### WORK TO BE COMPLETED
Copy out exactly the stretch of the listing below that begins at the line containing "2026 Peugeot 208" and ends at the line containing "Audi A4B6 1.8T Sedan 2004", and copy nothing outside it.

### RECORDS SUPPLIED

☆ ☆ ☆ ☆

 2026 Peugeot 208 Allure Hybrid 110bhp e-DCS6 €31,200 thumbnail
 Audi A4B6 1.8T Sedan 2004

☆ ☆ ☆ ☆

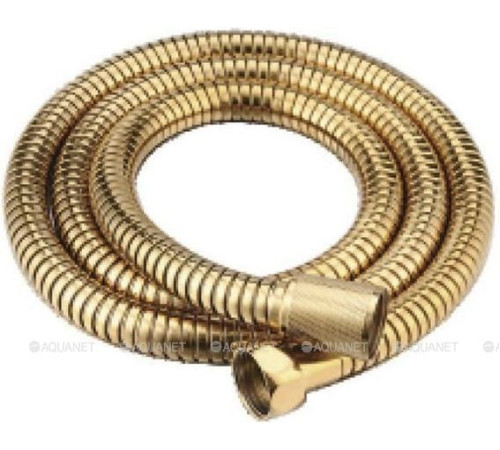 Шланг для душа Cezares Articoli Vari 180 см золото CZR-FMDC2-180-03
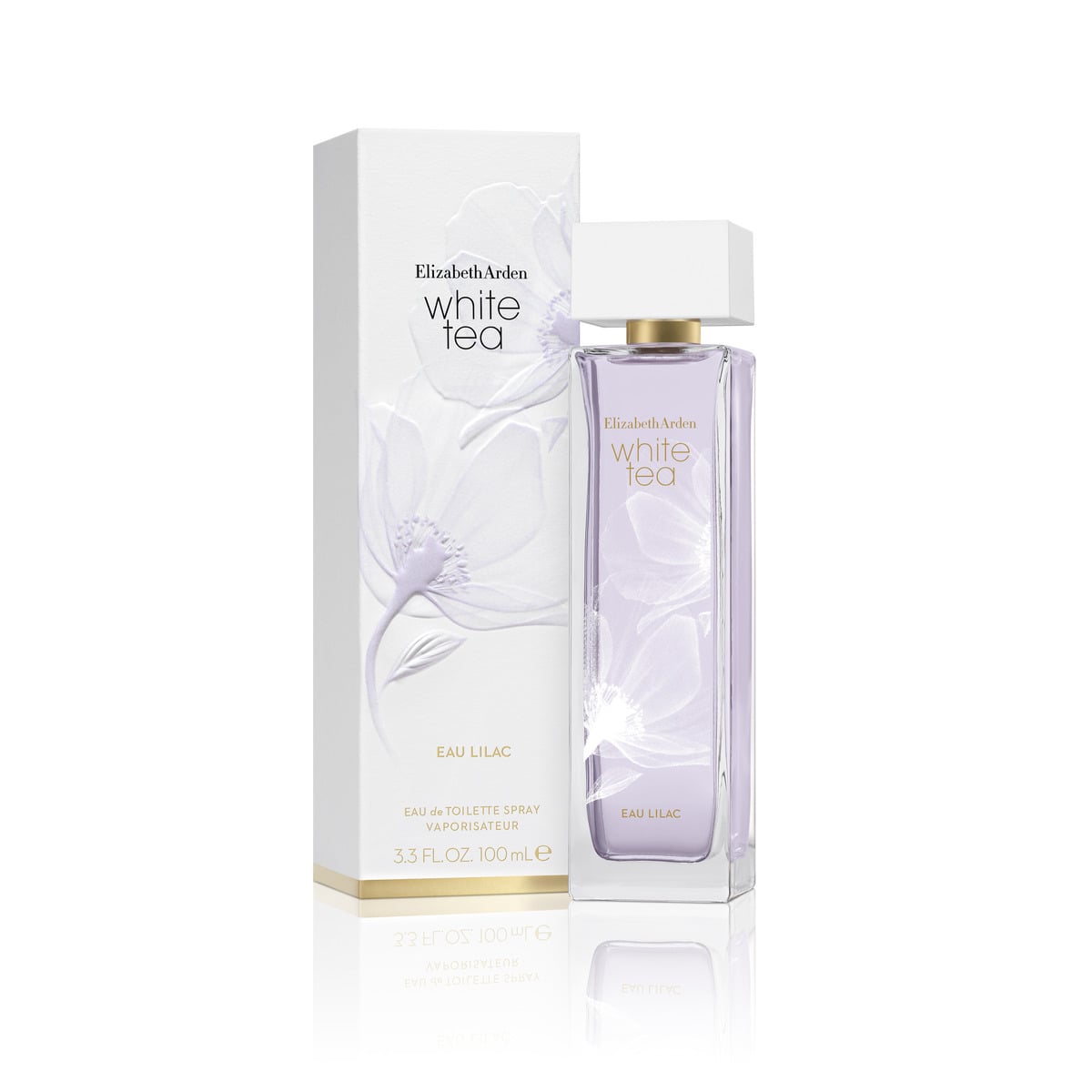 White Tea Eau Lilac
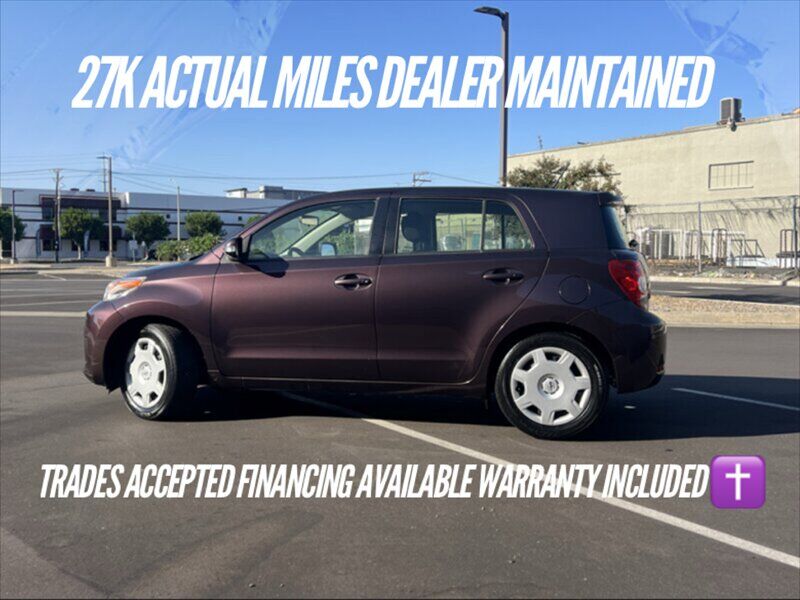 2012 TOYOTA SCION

☆ ☆ ☆ ☆

### RESPONSE BELOW
 2026 Peugeot 208 Allure Hybrid 110bhp e-DCS6 €31,200 thumbnail
 Audi A4B6 1.8T Sedan 2004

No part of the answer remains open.